При такой идиллии было вполне логичным, что российская сторона иногда, как говорят голландцы, «отпускала корюшку, чтобы поймать треску». В феврале 1712 г. канцлер граф Г.И. Головкин предложил гаагским политикам значительное снижение пошлин в захваченных у шведов прибалтийских портах и в Петербурге — в обмен на признание Генеральными штатами власти царя над принадлежавшими некогда русским частями Ингрии (она же Ингерманландия, она же Ижорская земля) и Карелии. Но заходить так далеко Республика не хотела, опасаясь враждебной реакции Швеции. Кроме того, при британском дворе экспансия России на Балтике вызывала только страх, а для Гааги сотрудничество с Лондоном было в те годы превыше всего. Так что более тесные связи с Россией, которые можно было бы истолковать как открытое нарушение нейтралитета, были сочтены нежелательными. Русские же, в свою очередь, поняли, что ожидать от Республики политических уступок не приходится, — и это не останется без последствий…
ИЛЛЮЗИИ И НЕДОРАЗУМЕНИЯ
С подписанием Утрехтского мира 1713 г. закончились и война за испанское наследство, и попытки голландцев не дать конфликтам в Западной и Восточной Европе слиться воедино. Попытки эти увенчались успехом, сам же мирный договор явился всего лишь регистрацией того, что состряпали совместно представители Франции и Великобритании. Республике же договор мало что принес, если не считать некоторого расширения ее права держать свои гарнизоны в отдельных крепостях Южных Нидерландов (будущие Бельгия и Люксембург), но и об этом надо было еще вести переговоры с императором Священной Римской империи, под власть которого перешли теперь эти бывшие испанские владения. После того как голландцы столько лет напрягали все свои силы в этой большой европейской войне, награда оказалась более чем скромной. Господам «Высокомочным» (так обращались к Генеральным штатам) оставалось лишь утереть слезы и начать заново определять место страны в силовом поле международной политики, соизмеряя свои цели и средства.
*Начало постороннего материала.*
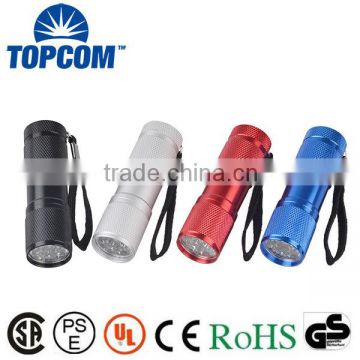 Custom Logo Printing Promotional 9 LED Torch with Branding                        
                                                Quality Choice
В отношении голландцев к делам балтийским пока не заметно было изменений. Вслед за Амстердамом Гаага склонялась к тайной поддержке русского царя. По указанию Генеральных штатов их посол в Стамбуле граф Якобюс Кольер и дальше прилагал все усилия к сближению Османской империи и России{5}. Возможностей для этого стало еще больше, когда в феврале 1713-го в Бендерах Карл XII был схвачен янычарами, а потом посажен под арест неподалеку от Эдирне (Адрианополь). Стало ясно, что султанский двор устал от поджигательских интриг непрошеного гостя. Личное мужество Карла в бою с янычарами произвело на современников неизгладимое впечатление и во многом способствовало формированию героического мифа о короле-воине. Но этот образ не мог заслонить того факта, что Карл потерпел в Турции полную политическую неудачу.
Арест шведского монарха поставил Высокую Порту в положение не совсем обычное{6}. Османская империя формально находилась в состоянии войны с Россией, и вместе с тем достигли низшей точки ее отношения со Швецией. Султан предпочел пойти на мир с царем, тем более что в военную мощь скандинавской державы уже мало кто в Стамбуле верил. Для примирения с царем следовало решить две проблемы: заставить Карла XII как можно скорее покинуть Турцию и снять другие противоречия между нею и Россией. Уже в начале марта посол Генеральных штатов в Стамбуле направил своего драгомана (дипломата-переводчика) и секретаря Виллема Тейлса в Эдирне, где в то время пребывал султанский двор, готовясь к очередному походу. Сделано это было по просьбе русских: вице-канцлер П.П. Шафиров, который вот уже полтора года сидел в качестве заложника в тюрьме в Стамбуле, переправил Тейлсу тайное послание{7}. Секретарю голландского посольства удалось не только обсудить кое-что с турецкими сановниками, но и собрать ценную информацию о Карле XII и его окружении, которых держали неподалеку от Эдирне{8}.